| Task instructions |
The expected answer comprises all lines from the entries that contain the string "Photo".

| Record excerpts |
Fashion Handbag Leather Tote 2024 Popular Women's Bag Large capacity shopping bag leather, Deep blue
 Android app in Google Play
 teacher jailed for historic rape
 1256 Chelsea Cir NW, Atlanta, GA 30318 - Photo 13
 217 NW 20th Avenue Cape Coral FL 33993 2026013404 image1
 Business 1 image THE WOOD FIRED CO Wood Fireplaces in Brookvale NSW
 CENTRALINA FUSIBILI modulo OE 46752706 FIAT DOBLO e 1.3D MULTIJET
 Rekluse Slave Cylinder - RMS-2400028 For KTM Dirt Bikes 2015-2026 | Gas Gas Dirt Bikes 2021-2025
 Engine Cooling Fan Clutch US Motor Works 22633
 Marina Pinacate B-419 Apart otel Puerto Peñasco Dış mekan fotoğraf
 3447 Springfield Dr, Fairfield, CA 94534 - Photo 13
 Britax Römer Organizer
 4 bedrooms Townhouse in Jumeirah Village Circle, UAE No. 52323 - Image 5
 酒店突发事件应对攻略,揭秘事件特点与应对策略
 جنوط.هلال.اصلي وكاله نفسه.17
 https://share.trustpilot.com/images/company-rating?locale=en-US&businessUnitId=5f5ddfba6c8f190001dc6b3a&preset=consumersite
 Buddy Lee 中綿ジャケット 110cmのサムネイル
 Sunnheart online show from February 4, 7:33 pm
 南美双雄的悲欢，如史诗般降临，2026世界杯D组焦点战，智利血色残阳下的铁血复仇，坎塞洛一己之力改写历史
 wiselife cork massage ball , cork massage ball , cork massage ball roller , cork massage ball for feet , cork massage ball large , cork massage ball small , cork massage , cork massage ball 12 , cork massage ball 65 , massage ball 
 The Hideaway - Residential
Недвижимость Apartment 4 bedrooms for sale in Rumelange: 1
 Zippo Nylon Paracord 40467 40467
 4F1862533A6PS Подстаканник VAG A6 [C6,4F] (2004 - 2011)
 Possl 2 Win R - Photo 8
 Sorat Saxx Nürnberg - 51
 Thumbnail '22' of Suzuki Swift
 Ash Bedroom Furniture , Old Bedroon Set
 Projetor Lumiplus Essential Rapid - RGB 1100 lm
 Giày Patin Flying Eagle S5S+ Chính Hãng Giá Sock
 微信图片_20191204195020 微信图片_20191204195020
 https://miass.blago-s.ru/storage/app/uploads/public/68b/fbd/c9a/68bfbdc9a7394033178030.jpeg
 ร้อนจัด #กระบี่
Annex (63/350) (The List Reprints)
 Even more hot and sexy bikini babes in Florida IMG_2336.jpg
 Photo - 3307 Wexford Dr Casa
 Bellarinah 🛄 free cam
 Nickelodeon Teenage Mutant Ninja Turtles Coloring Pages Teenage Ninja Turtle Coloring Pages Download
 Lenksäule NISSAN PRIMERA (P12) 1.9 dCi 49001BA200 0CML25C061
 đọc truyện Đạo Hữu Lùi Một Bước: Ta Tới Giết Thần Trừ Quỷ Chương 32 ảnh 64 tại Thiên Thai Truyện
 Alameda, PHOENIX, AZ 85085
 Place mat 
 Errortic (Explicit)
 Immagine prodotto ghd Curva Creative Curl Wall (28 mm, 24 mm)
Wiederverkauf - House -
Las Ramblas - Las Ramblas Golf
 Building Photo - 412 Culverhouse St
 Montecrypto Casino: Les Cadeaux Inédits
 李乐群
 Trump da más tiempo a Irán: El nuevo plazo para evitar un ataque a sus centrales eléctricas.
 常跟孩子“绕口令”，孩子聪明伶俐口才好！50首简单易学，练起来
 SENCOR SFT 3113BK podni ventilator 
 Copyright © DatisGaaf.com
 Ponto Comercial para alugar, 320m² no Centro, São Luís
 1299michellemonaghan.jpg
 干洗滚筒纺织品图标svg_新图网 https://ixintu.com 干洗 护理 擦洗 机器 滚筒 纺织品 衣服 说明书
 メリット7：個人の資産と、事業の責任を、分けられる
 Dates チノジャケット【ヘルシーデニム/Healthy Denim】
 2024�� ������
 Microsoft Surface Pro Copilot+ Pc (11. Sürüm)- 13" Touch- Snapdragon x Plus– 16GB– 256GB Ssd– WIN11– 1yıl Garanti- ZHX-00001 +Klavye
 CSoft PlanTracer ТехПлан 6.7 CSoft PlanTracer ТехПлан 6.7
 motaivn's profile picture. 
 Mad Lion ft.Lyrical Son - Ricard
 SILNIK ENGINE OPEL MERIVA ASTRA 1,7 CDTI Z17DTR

| Result of the task |
 1256 Chelsea Cir NW, Atlanta, GA 30318 - Photo 13
 3447 Springfield Dr, Fairfield, CA 94534 - Photo 13
 Possl 2 Win R - Photo 8
 Photo - 3307 Wexford Dr Casa
 Building Photo - 412 Culverhouse St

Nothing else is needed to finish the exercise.